For home educating parents it’s an even bigger act of bravery. Taking on that responsibility, and hacking out such a controversial route, seems to give licence to raised eyebrows and judgemental comments from those all going along the well trodden one. You have to have true courage to maintain faith in your belief that routes don’t always work just because they’re well trodden. And bite your lip whilst masses try and fit their children into a fixed regime that to my mind sometimes, for some children, replicates what Chinese women did to their feet. But no one comments or makes judgements about that.

Whichever way we go this period of time in our parenting requires acts of bravery that make sky diving look like a doddle.

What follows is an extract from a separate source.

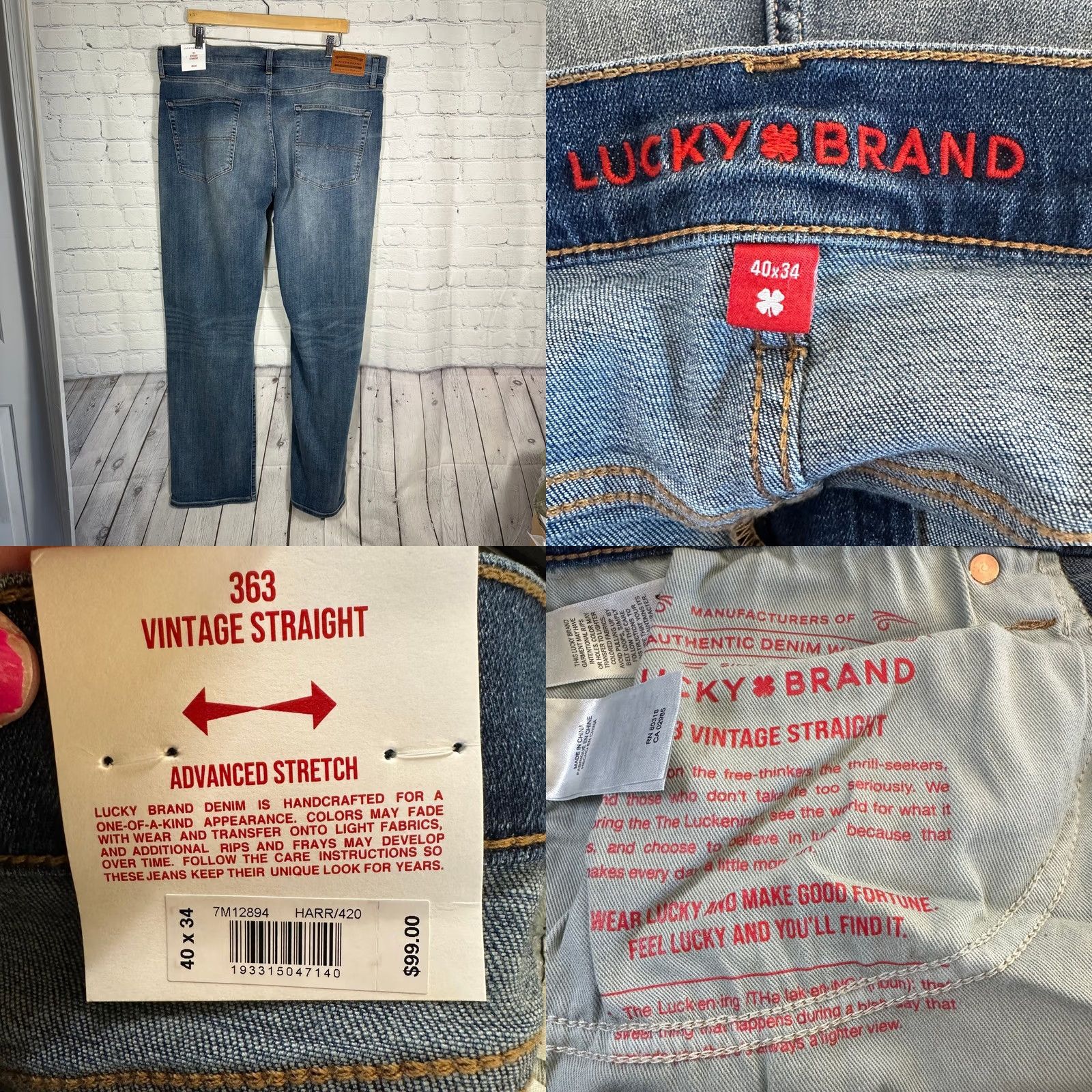 Lucky Brand Lucky Brand 363 Vintage Straight Jeans Mens 40x34 Blue CoolMax Denim New Size US 36 / EU 52 - 8 Thumbnail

Then there are the teen years. We need a medal for those. As the kids move into teenhood your life tends to be about surviving without getting crushed by the insults and silently mopping your own hurt as you bleed for their angst and their upsets. You try and act like a superhero on the telly, who survives catastrophes without a scratch or a whinge, whereas inside you’ve got a lump of bleeding heartache and confusion about where you went wrong as a parent.

But still you comfort them while they cry their tears and hold their hurts as they face the choppy bits and you try not to crumple yourself. And just when you thought you’d got it under control, it’s their successes that damn nearly burst your brave front after all and the tissues are out for their achievements.

And finally, when they step into a land beyond the home and make their own worlds and their own homes that are separate from yours, you’re introduced to a whole new set of challenges that require superhuman courage to overcome.

Yep; nothing requires more acts of bravery than parenting. I hope you all give yourselves mega amounts of credit for that.

But it’s also likely that nothing you ever do will give you such JOY! So don’t be so busy with life that you miss out on all that too.

8 thoughts on “Acts of Bravery…

  1. My kids just turned 6 this past week. I can’t even imagine them being teenagers. That’s the time I worry about. Now they beg to play with me all day. Sometimes it can be frustrating when I have to get things done like make dinner or clean. But I think that’s a whole lot better than you wanting to spend time with them and they’re too busy. I am really dreading that.